Google Leaves Cookies on the Table: What Financial Marketers Must Know

The search giant continues to develop its experimental 'FLoCs' method of grouping consumers by interest and behavior. But it says the demise of third-party cookies will need two more years to proceed smoothly. Meanwhile some players say Google isn't the boss of them.

An Internet Cold War has been raging behind the screens of consumers while they blithely search for products, watch videos and scan social media.

Since Google announced the impending end of its support for third-party cookies, originally to occur by 2022, active digital marketers who depend on web metrics to make ad purchases, or to trust programmatic buys, have watched as the search giant has tinkered with its replacement concept and as other players have assisted, resisted or impeded Google’s plans.

Now the plot thickens. In late June 2021 Google announced that the initial phases of its efforts to build the substitute for third-party cookies have demonstrated that more time is needed. While more details will be forthcoming, Google said that third-party cookies will not be excised from Chrome until late 2023.

“To make this happen, we believe the web community needs to come together to develop a set of open standards to fundamentally enhance privacy on the web, giving people more transparency and greater control over how their data is used,” wrote Vinay Goel, Privacy Engineering Director at Google’s Chrome operation in a company blog.

He added that Google wants the industry to work in concert to assure that third-party cookies are not replaced with alternative forms of tracking individual behavior and to discourage “covert approaches like fingerprinting.” The latter involves using an algorithm to collect information about the software and hardware of a remote computing device for the purpose of identifying the user sufficiently to track behavior.

As recounted in previous coverage of the “cookiepocalypse” by The Financial Brand, the situation is far different from a government agency setting standards for some activity and requiring all players to abide by the rules.

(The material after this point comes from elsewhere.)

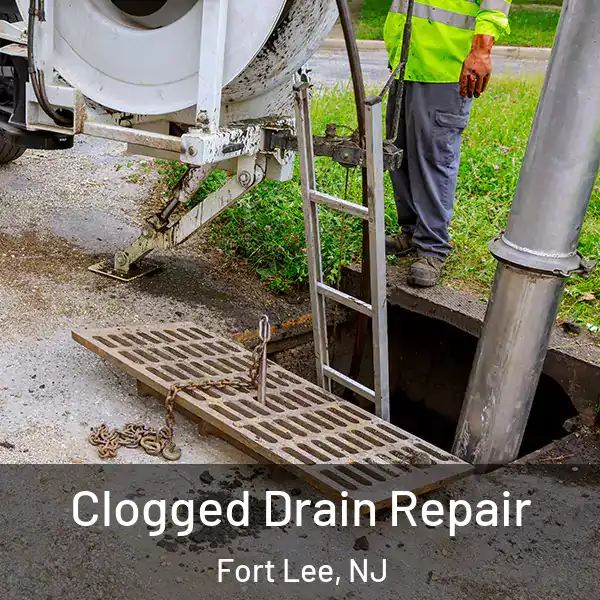  Clogged Drain Repair Fort Lee, NJ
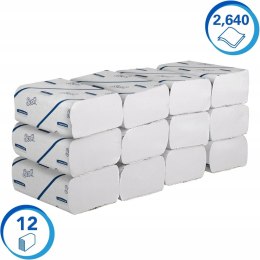 Scott 6636 Ręczniki Papierowy 12 opakowań Szary 2640 sztuk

When the Referee Also Plays:

Google has a key role as arbiter, in part because the popularity of its Chrome browser and its near ubiquitous search engine. However, Google is also a player on the field — and a big one.

Read More: Financial Marketers Don’t Understand What Google Wants

Many Parties Have Dogs in the Advertising/Search Fight

As various commentators have pointed out a big part of the reason Google is taking steps to replace the cookies with a more privacy-friendly mechanism is that it wants to maintain the general pattern of sites providing free content made practical through advertising sales. For the most part, those sales depend on giving advertisers or their proxies some sense of who will likely see their ads. Something has to pay to keep the lights on.

Search and web advertising spawned a league of new businesses. So now the livelihoods of countless companies that depend on or that would compete with Google in some way are riding on how the cookie shutdown comes out.

Is the Cold War analogy too strong? It’s not a John le Carré or Tom Clancy plot, full of twists, counterintelligence and more, but consider a few developments in just the last couple of months:

  • Amazon blocks FLoCs. Google’s tool, under development, is called Federated Learning of Cohorts, or FLoCs, which we explain below. Digiday reports that most of Amazon’s sites, including Amazon.com, Zappos.com and WholeFoods.com, are stopping the Chrome with FLoCs browser from gathering data about people’s use of the sites. The publication found website code on the Amazon sites that tech experts confirmed was there to stymie FLoCs. Digiday says the effort not only hurts Google’s attempt to dominate the debate, but “could give Amazon a leg up in its own efforts to sell advertising across what’s left of the open web.”
  • Google may be using you to test FLoCs. If you’ve wondered who the search giant tapped to test the first round of FLoCs, it may be you. The Electronic Frontier Foundation, an internet gadfly organization, wrote in March 2021 that “a switch has silently been flipped in millions of instances of Google Chrome: those browsers will begin sorting their users into groups based on behavior, then sharing group labels with third-party trackers and advertisers around the web.” The foundation, which opposes FLoCs, countered with a special site that lets you test your Chrome to see if you were drafted. It gives advice on what to do if you were.
  • Duck Duck Go never ducks a chance to give it to Google. Duck Duck Go is an alternate browser that claims to engage in no tracking at all. It frequently attacks the traditional tracking- for- advertising model on social media. A tweet by founder Gabriel Weinberg: “The Internet has been overrun by companies that have made it their business model to covertly track, manipulate, and exploit people. This needs to stop. Creepy advertising isn’t the only way to run a profitable business online.”

We could go on, let’s just say this is a battle of multiple fronts.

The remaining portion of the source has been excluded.